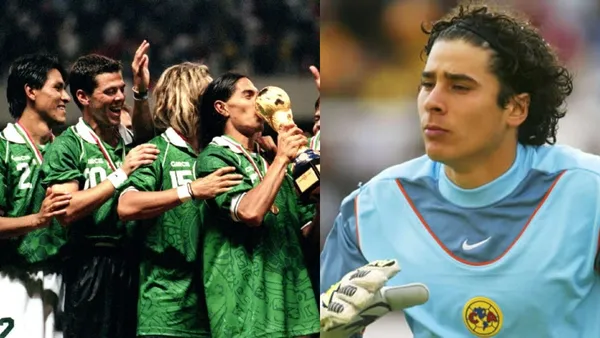 Guillermo Ochoa pudo ser el delantero estrella del Club América, pero mira que crack lo impulsó a ponerse los guantes.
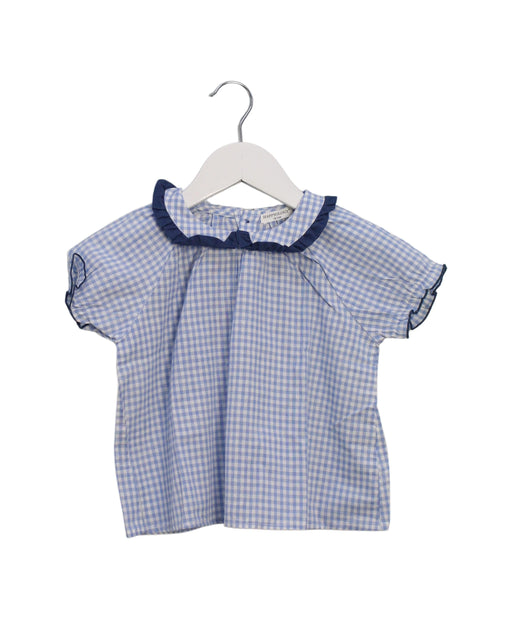 A Blue Short Sleeve Tops from Happyology in size 18-24M for girl. (Front View)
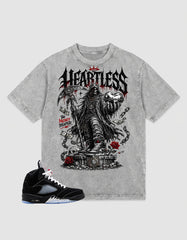 Washed T-shirt to Match Metallic Reimagined 5s - Heartless Graphic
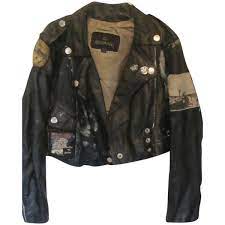 Pre Owned Berman S Punk Black Leather Leather Jacket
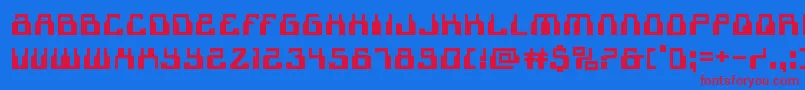 Шрифт 1968odysseyexpand – красные шрифты на синем фоне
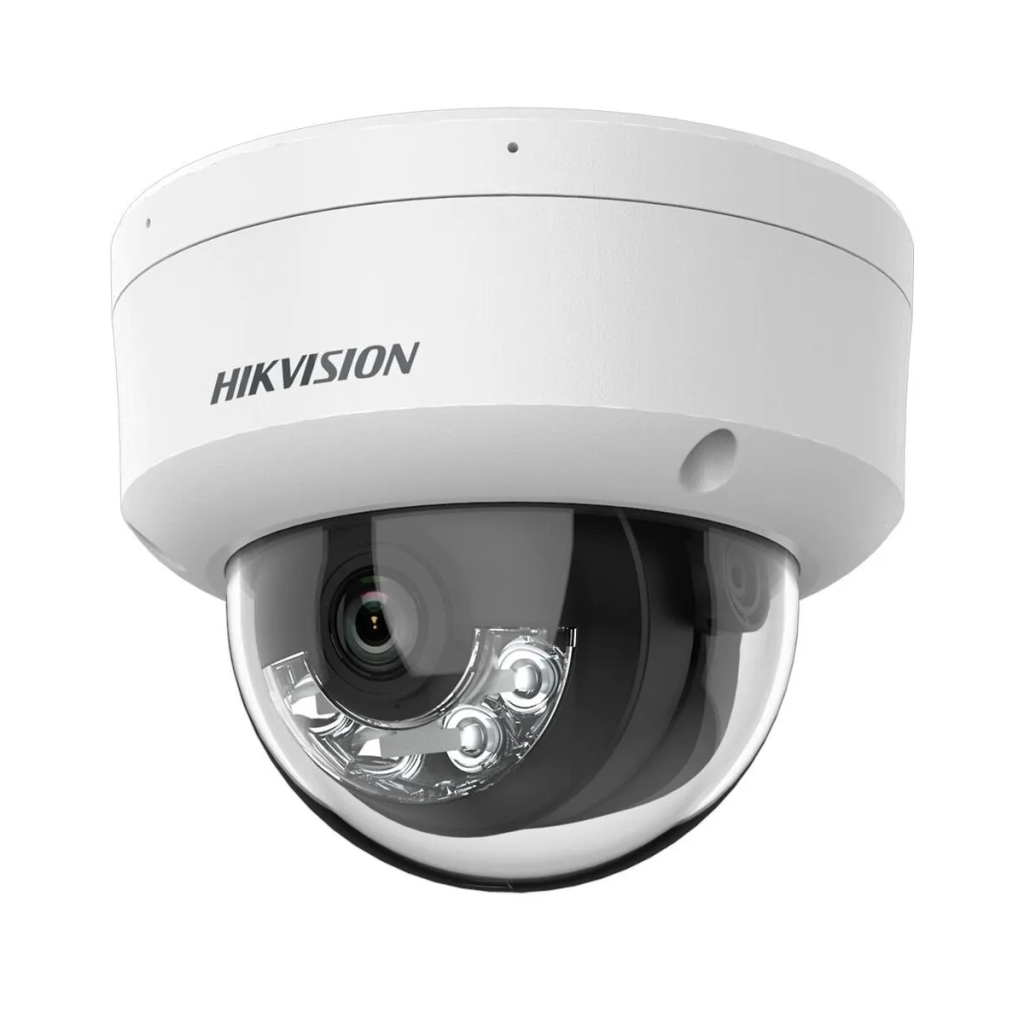 HIKVISION DS-2CD1141G2-LIUF 4Mpix, 2,8mm Lens, H265+, Hybrid Light,  20Mt Gece Görüşü, PoE, Mikrofonlu Dome IP Kamera - Hikvision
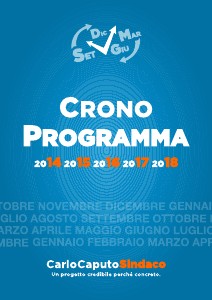 Carlo Caputo Sindaco: Il Cronoprogramma Cronoprogramma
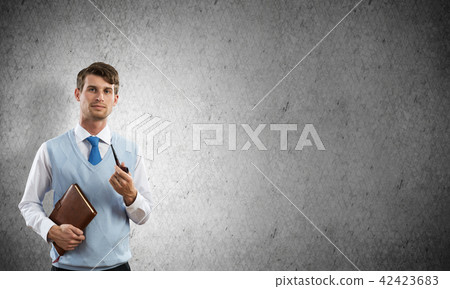 Conceptual image of young businessman. Conceptual image of young businessman. 42423683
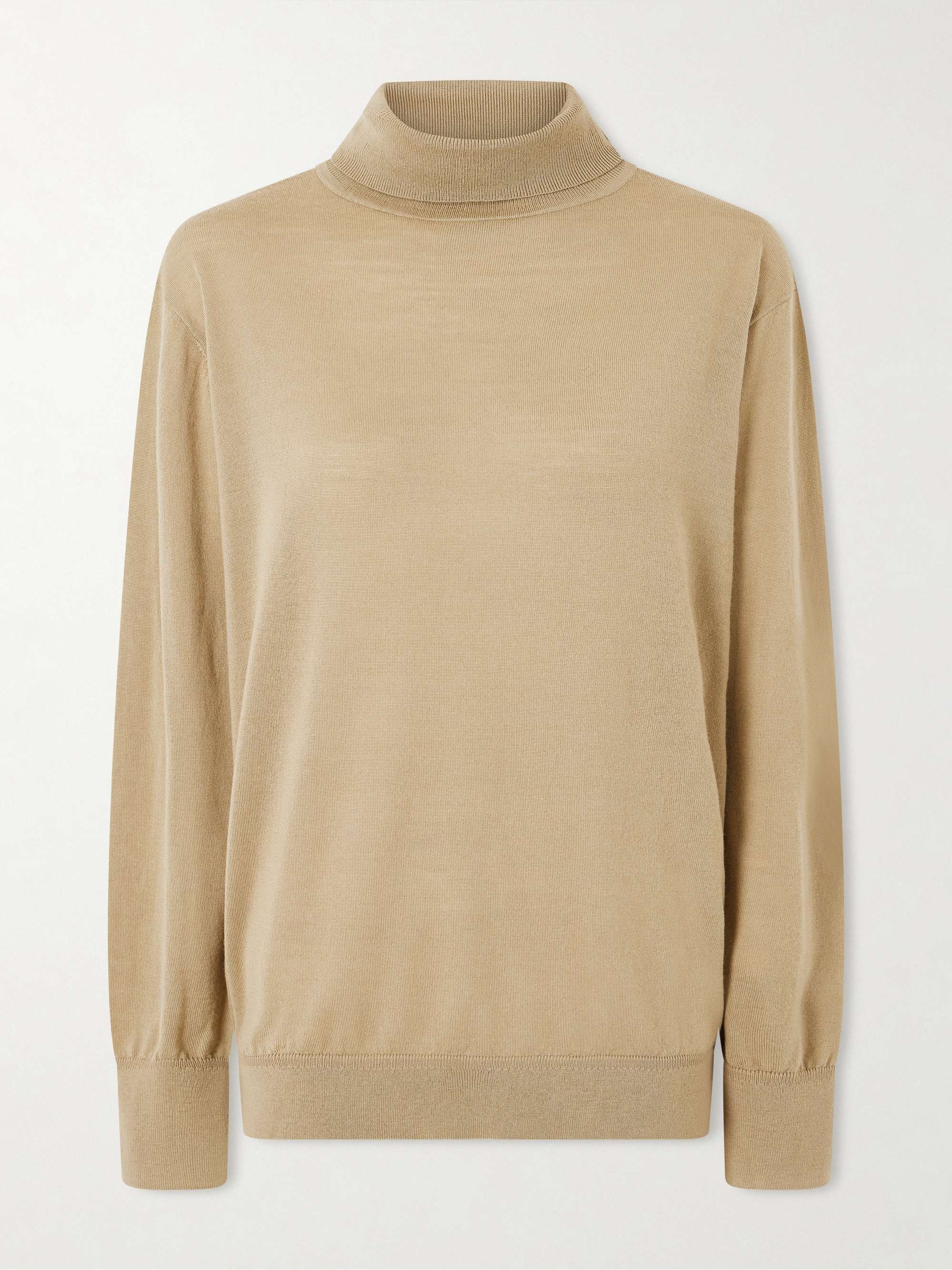 Wool Turtleneck Sweater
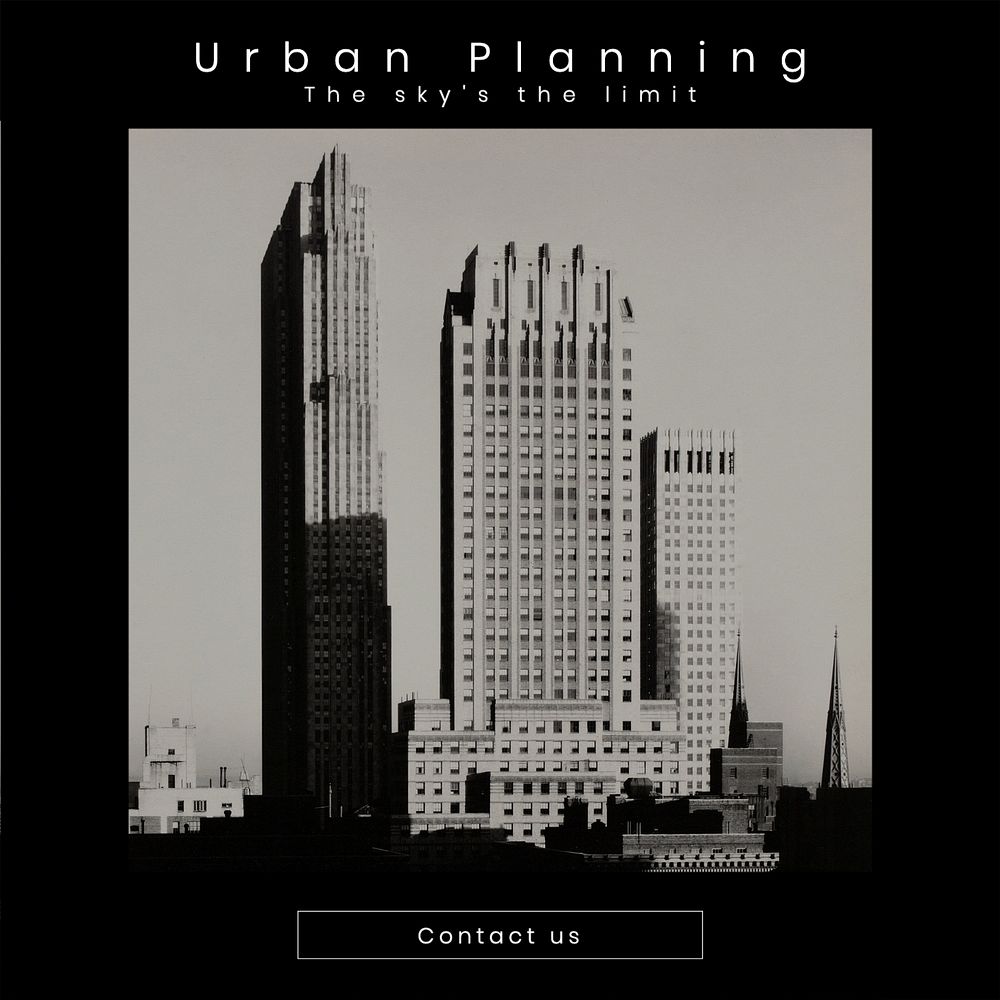 Urban planning Instagram post template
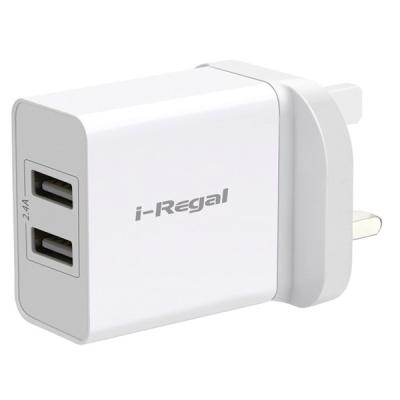 China Mobile Phone Approved High Quality International Travel UK Plug Mobile Phone Dual Port Charger for sale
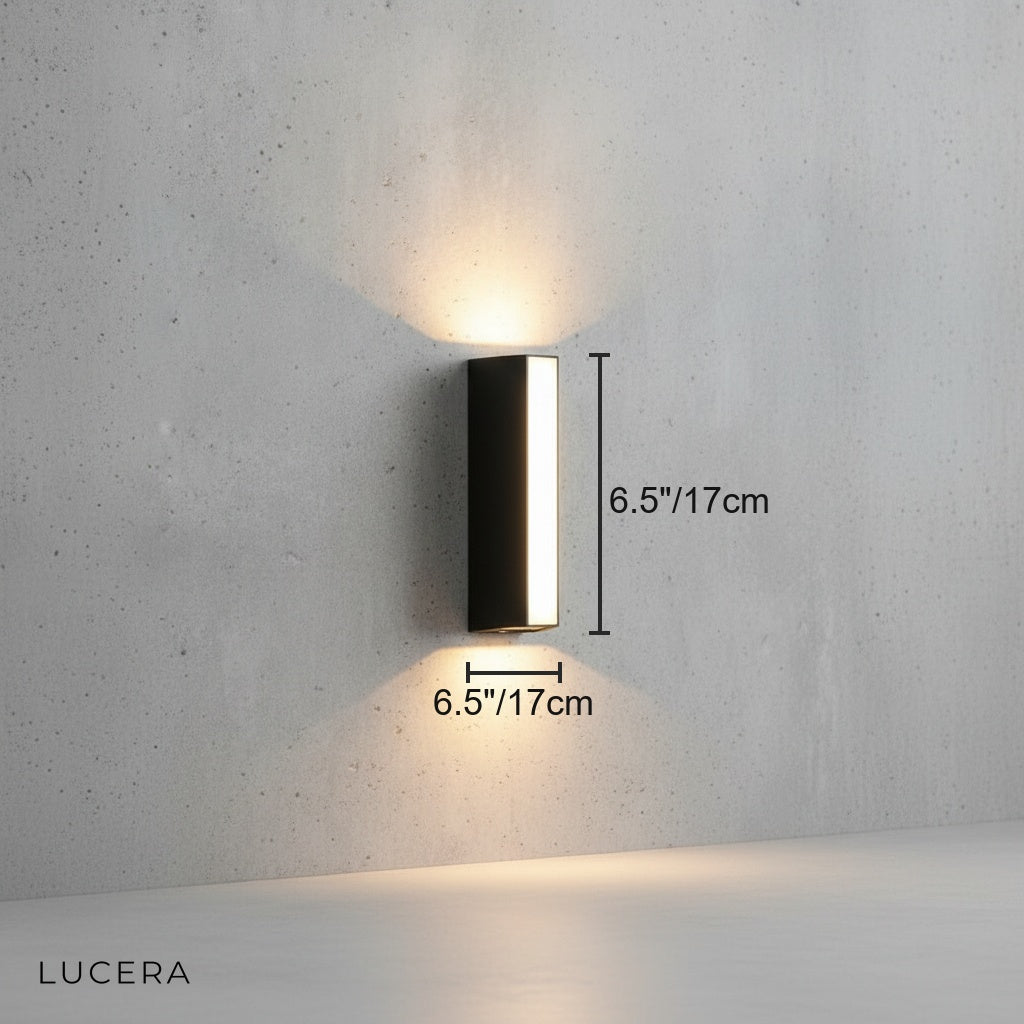 Blair Outdoor LED Wall Lamp - Exterior wall | Lucera Lighting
--------------------------------
TASK DESCRIPTION:
Without the pictures, repeat exactly the lines running from the line containing "Wool Turtleneck Sweater" through the end of the data, both ends included.

SOLUTION FOR THIS EXERCISE:
 Wool Turtleneck Sweater
 Urban planning Instagram post template
 China Mobile Phone Approved High Quality International Travel UK Plug Mobile Phone Dual Port Charger for sale
 Blair Outdoor LED Wall Lamp - Exterior wall | Lucera Lighting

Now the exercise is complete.